Outremont councillor says no exemptions for Purim buses

As the Jewish holiday of Purim approaches, an Outremont borough councillor says a controversial bylaw that bans certain buses from residential streets shouldn't be touched.

B'nai Brith calls for greater understanding from neighbours of Hasidim

B'Nai Brith's lawyer says Outremont is a microcosm within Quebec society because of its Hasidic Jewish community. (Paul Chiasson/CP)

As the Jewish holiday of Purim approaches, an Outremont borough councillor says a controversial bylaw that could dampen celebrations should remain untouched.

The bylaw bans the use of double-axle vehicles on residential streets, which includes the buses used to transport Orthodox Jewish children who go door-to-door in costume for Purim, singing and collecting money for their schools and the poor.

"I’m happy with the status quo, because I think that we’ve reached a compromise to the extent where, if we did loosen up the bylaw, we would create even more tension," said Louis Moffatt, an independent borough councillor.

"And what I need right now is a lasting solution, not to create more tension in the district."

Members of the Hasidic community are upset over the lack of borough council support in granting an exemption to the bylaw for Purim.
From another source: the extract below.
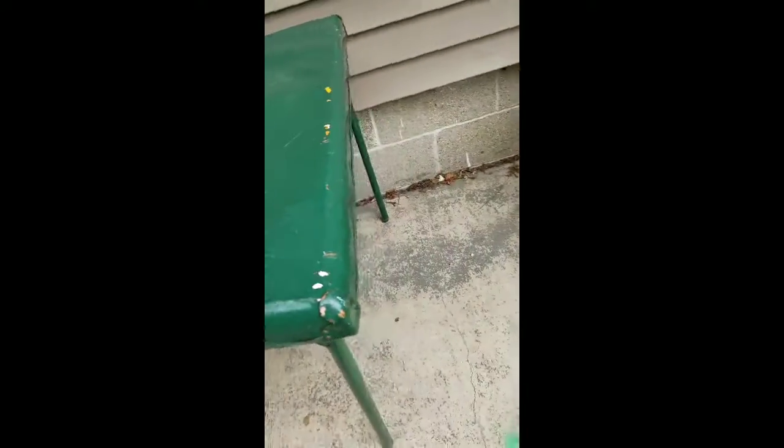I think that one's very clean. I should probably stop putting holes in this table. Bye.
An appeal at the Feb. 4 borough council meeting to grant that exemption didn't get any support.

Moffatt told Daybreak this morning that the bylaw, which has been in place since 2003, has been contested in the past.

He said that the Montreal police have been handling Purim well for years by directing traffic and issuing traffic violation tickets in cases where the bylaw was broken.
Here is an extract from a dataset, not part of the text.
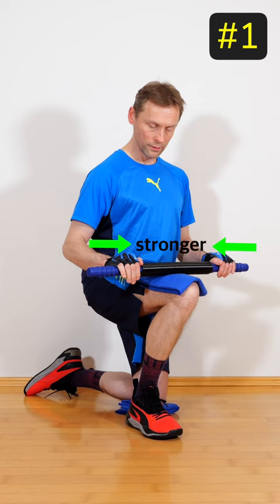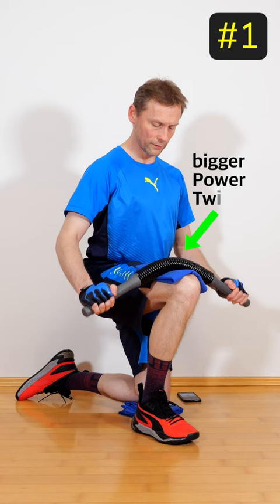Watch this. Or you can train with a bigger power twister like this one.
Hasidic community unhappy with bylaw

Members of the Hasidic Jewish community aren’t pleased with the status quo, though, and neither is B’nai Brith Canada, a Jewish advocacy and human rights organization.

"The irony is, if you remove these 25-seat buses and you put in, let’s say the mothers driving minivans, you’re going to increase the amount of traffic, you’re going to increase the amount of pollution, and frankly, most importantly, you’re going to increase the level of dangerousness for pedestrians and for drivers in general," said B’nai Brith Canada legal advisor Steven Slimovitch.
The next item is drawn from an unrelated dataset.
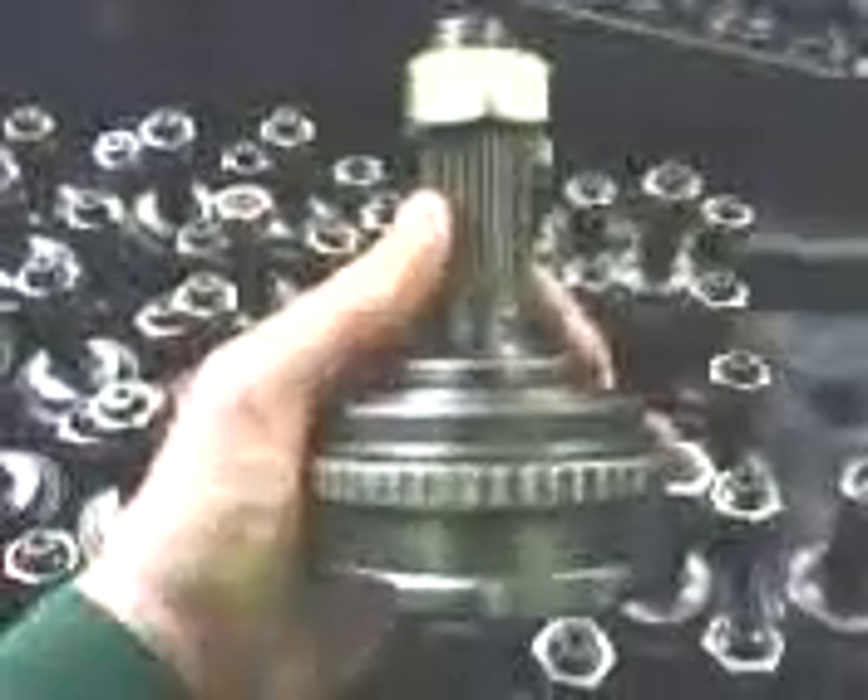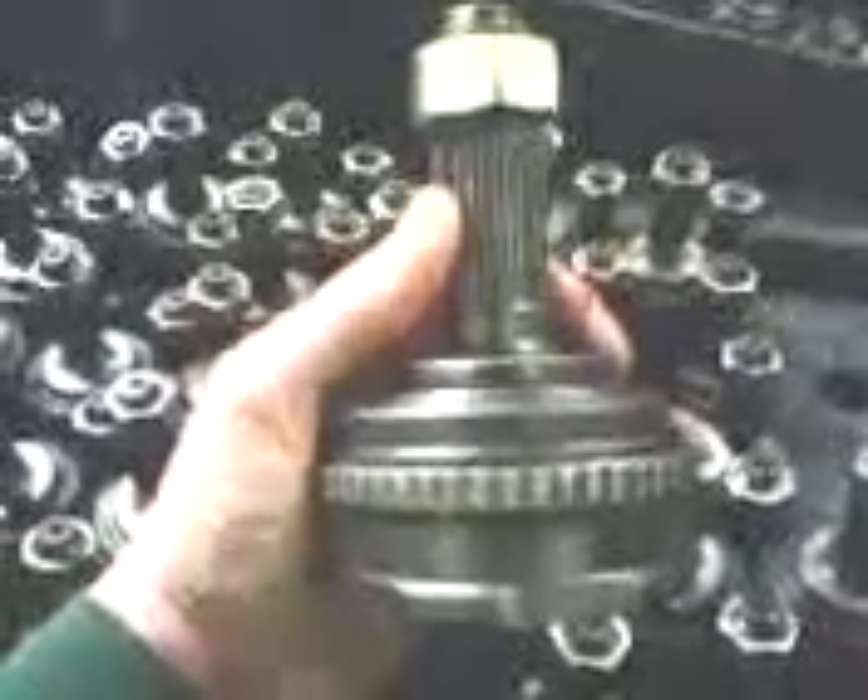This is a video on building Honda CV joints. This is a Honda CV joint — a Honda outboard joint with ADF.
He said that Outremont is a microcosm in a province where religion is considered as something to be practiced privately and in the home.

"The Canadian model is not like that. The Canadian model is freedom of religion to practice your religion in the way you think it should be practiced, obviously within reason," he told Daybreak.

The buses currently used by Outremont’s Hasidic community for Purim are larger than minibuses but not quite the size of coach buses.

Borough councillor Céline Forget was the subject of a controversy during last year’s Purim after she personally tried to enforce the bylaw.

She declined to be interviewed, instead issuing a brief email that read (in French): "I believe this case is fairly simple: minibuses are permitted on all the streets, but not buses. And it’s like that for everybody."